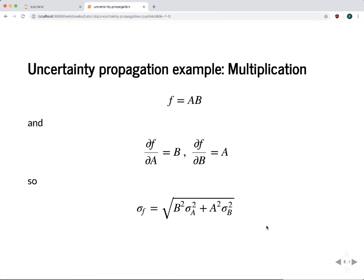For multiplication — the rectangle area question we started with — f = a × b with uncertainties sigma_a and sigma_b: the partial derivative with respect to a is b, and with respect to b is a. Putting these into the error propagation formula gives sigma_f = sqrt(b² sigma_a² + a² sigma_b²).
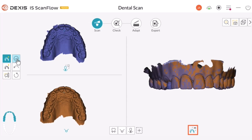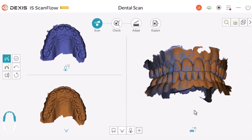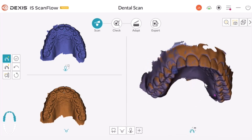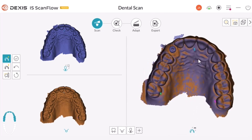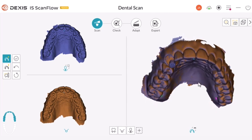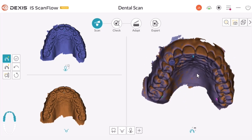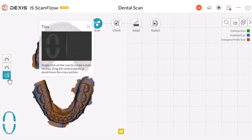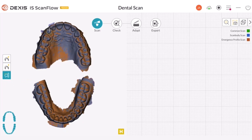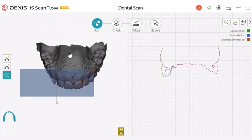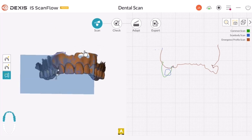Click the Byte Preview icon to toggle the preview. Rotate to check your scan. Now click the Preparation Check icon. Preparation Check allows clinicians to make measurements on the digital model and to check for sufficient clearance and alignment of scans.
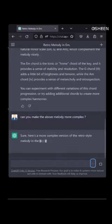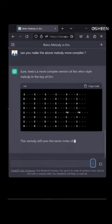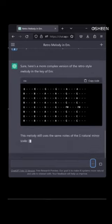Here's a more complex version of the retro style melody in the key of E minor. This melody still uses the same notes of the E natural minor scale.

Task prompt:
Give back the entire listing verbatim, without the pictures.

Solution to this exercise:
For multiplication — the rectangle area question we started with — f = a × b with uncertainties sigma_a and sigma_b: the partial derivative with respect to a is b, and with respect to b is a. Putting these into the error propagation formula gives sigma_f = sqrt(b² sigma_a² + a² sigma_b²).
Click the Byte Preview icon to toggle the preview. Rotate to check your scan. Now click the Preparation Check icon. Preparation Check allows clinicians to make measurements on the digital model and to check for sufficient clearance and alignment of scans.
Here's a more complex version of the retro style melody in the key of E minor. This melody still uses the same notes of the E natural minor scale.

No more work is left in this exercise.